Sur le quai, la mer ne nourrit plus son homme

Sur les quais, le constat est brutal. Là où l’activité battait autrefois son plein, les pêcheurs tirent aujourd’hui un trait de plus en plus épais sur leurs marges, déjà fragiles. Entre coûts qui explosent, ressources qui s’amenuisent et règles toujours plus contraignantes, la filière pêche traverse une zone de turbulences qui inquiète jusque dans ses fondations.
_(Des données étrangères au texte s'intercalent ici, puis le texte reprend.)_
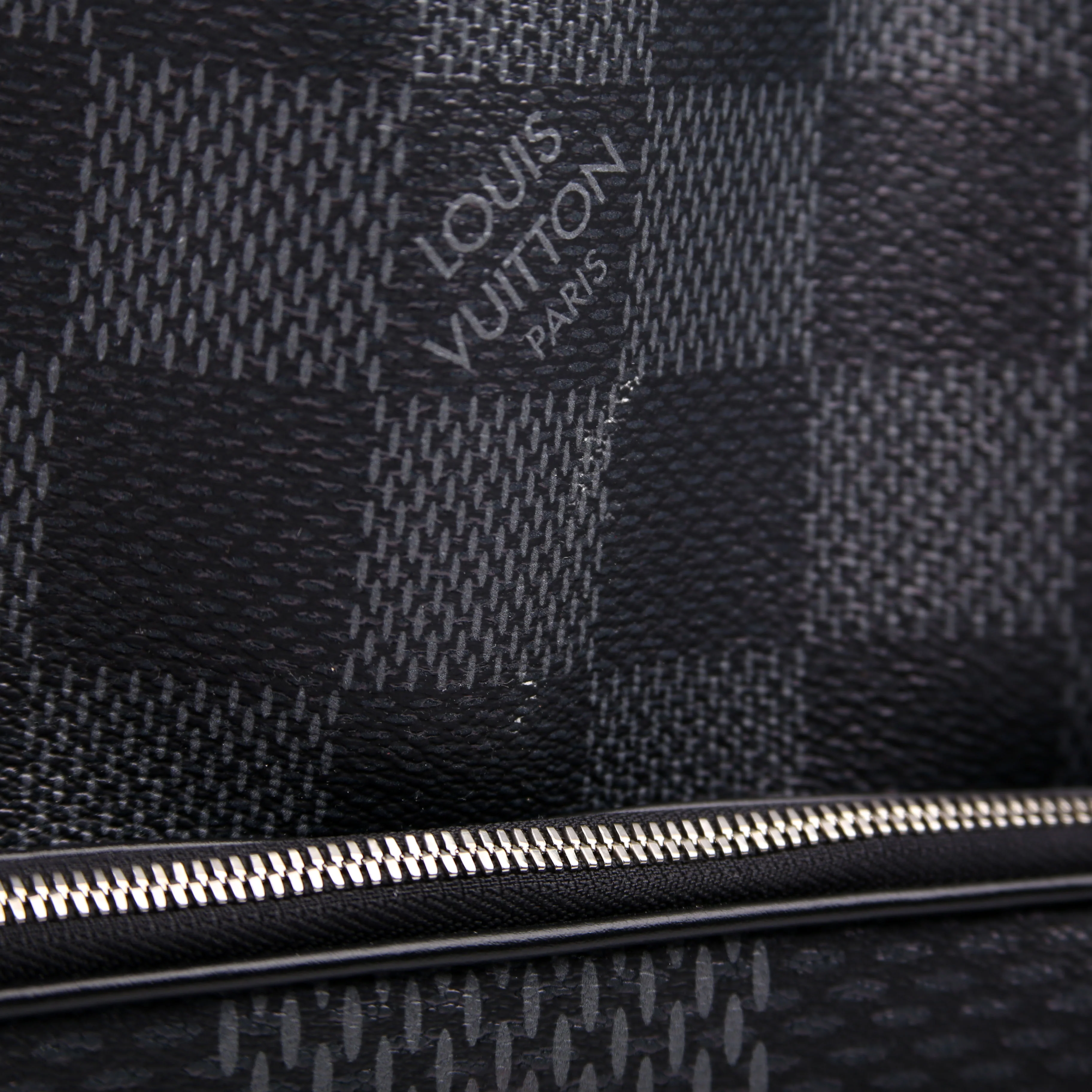 Campus Backpack Giant Damier Graphite - Image 12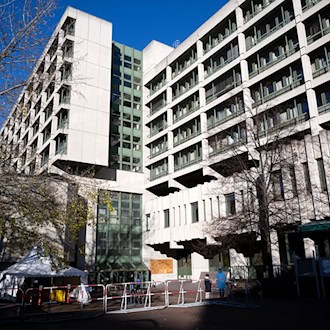 Am Landgericht München I wurde der Fall verhandelt. (Archivbild)  / Foto: Sven Hoppe/dpa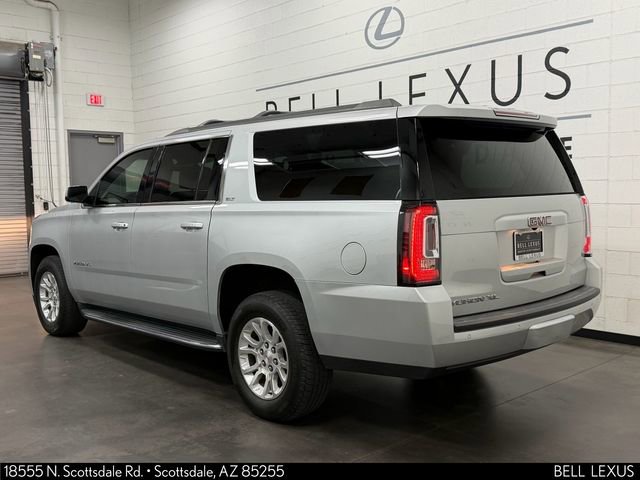 Used 2017 GMC Yukon XL SLT AWD/4WD image 7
Au Grau-du-Roi, ils sont 200 pêcheurs touchés de plein fouet par une actualité sur laquelle ils n’ont aucune prise. Mais plus largement, de leur pêche dépend toute une filière. « Au Grau, nous avons 14 chalutiers, et 200 inscrits maritimes. Ce qui représente pas mal de monde sur notre commune », explique David Papy, le nouvel adjoint à la pêche du Grau-du-Roi, marin pêcheur professionnel par ailleurs. « De la quantité de poissons ramenée à quai dépendent la coopérative, les marieurs, les transporteurs et puis les poissonniers… C’est toute une filière qui est menacée. Alors on ne va pas cracher sur les mesures proposées par la ministre en fin de semaine dernière, mais pour l’heure nous n’avons aucune visibilité du tout et c’est déjà évident que cela ne suffira pas pour compenser les pertes de revenus ».

800 euros en moins chaque mois

À tel point que depuis le début du mois, les armateurs ont été obligés de revoir les salaires hebdomadaires de leurs hommes à la baisse. « Entre 60 et 70 % de moins », confirme Dominique Duprat. Une dure réalité confirmée par David Papy qui appuie : « Je suis second sur un chalutier et ce mois-ci je toucherai entre 500 et 800 euros de moins ». Un nouveau quotidien auquel s’ajoute d’autres difficultés : la pression réglementaire. Plans de gestion, restrictions, contrôles… Si la nécessité de préserver la ressource est largement reconnue, sur le terrain, les professionnels dénoncent un empilement de normes parfois déconnectées de leur réalité quotidienne.

Se battre encore et encore

Pour autant, tous refusent de baisser les bras. « En fonction des décisions qui vont être prises dans les jours à venir, nous envisagerons peut-être des actions pour nous faire entendre », précise Dominique Duprat. « On attend parce que nous sommes respectueux et que nous voyons bien que les caisses de l’État sont vides, mais on ne va pas se laisser mourir. On parle de souveraineté alimentaire à l’instar des agriculteurs ! »

Mais une chose est sûre : sans réponse rapide et adaptée, c’est tout un pan du patrimoine maritime qui vacille. « On ne demande pas des miracles, juste de pouvoir vivre de notre métier ». Sur le quai, le vent tourne. Reste à savoir s’il portera encore longtemps les filets des hommes vers le large… ou vers la rive.